Subject: Re: LFS related crash
To: None <current-users@NetBSD.org>
From: Paul Ripke <stix@stix.id.au>
List: current-users
Date: 12/07/2006 13:28:15
On Wed, Dec 06, 2006 at 04:32:11PM -0700, Sverre Froyen wrote:
> Hi,
> 
> I just had what I'm guessing is an LFS related crash.  I've attached a gdb 
> backtrace, below.  The system is current i386 with sources from this morning.  
> I was doing a sandbox compilation of several pkgsrc modules when it crashed.  
> Is there any additional information that would be useful?

I'm glad someone else has seen this!

I've been looking into an LFS system hang, and an LFS crash - which
appear to be related. From my investigation, it appears that the
lfs_pchain tailqueue is getting corrupted somehow. The hang I'm
seeing has lfs_pchain with one or more inodes on the chain (usually
just one), but none have IN_PAGING set, and it spins on the goto in
lfs_flush_pchain().

The crash, which I'm assuming is the same as yours, is attempting
to remove an inode from an empty lfs_pchain after clearing
IN_PAGING, in lfs_putpages().

Since all lfs_pchain operations are protected by lfs_interlock, I
can't see how this could happen. But I have 12+ dumps to prove that
it does.
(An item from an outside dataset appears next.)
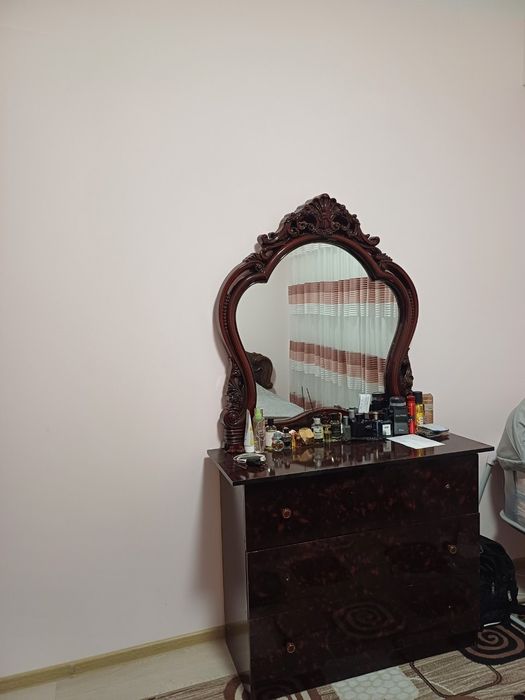 Мебел б/у. Кроват. Стенка. Тримо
It appears to be much easier to reproduce if the system is
starved for RAM... the ancient system I've been testing this on only
has 128 MB RAM, and even then, it's far easier to reproduce if I
fill up RAM before torturing LFS. Most recently, I've duplicated
this with a stock GENERIC kernel, too, ruling out my custom MP
kernel config.

I'll raise a PR if I get a chance tonight.

-- 
stix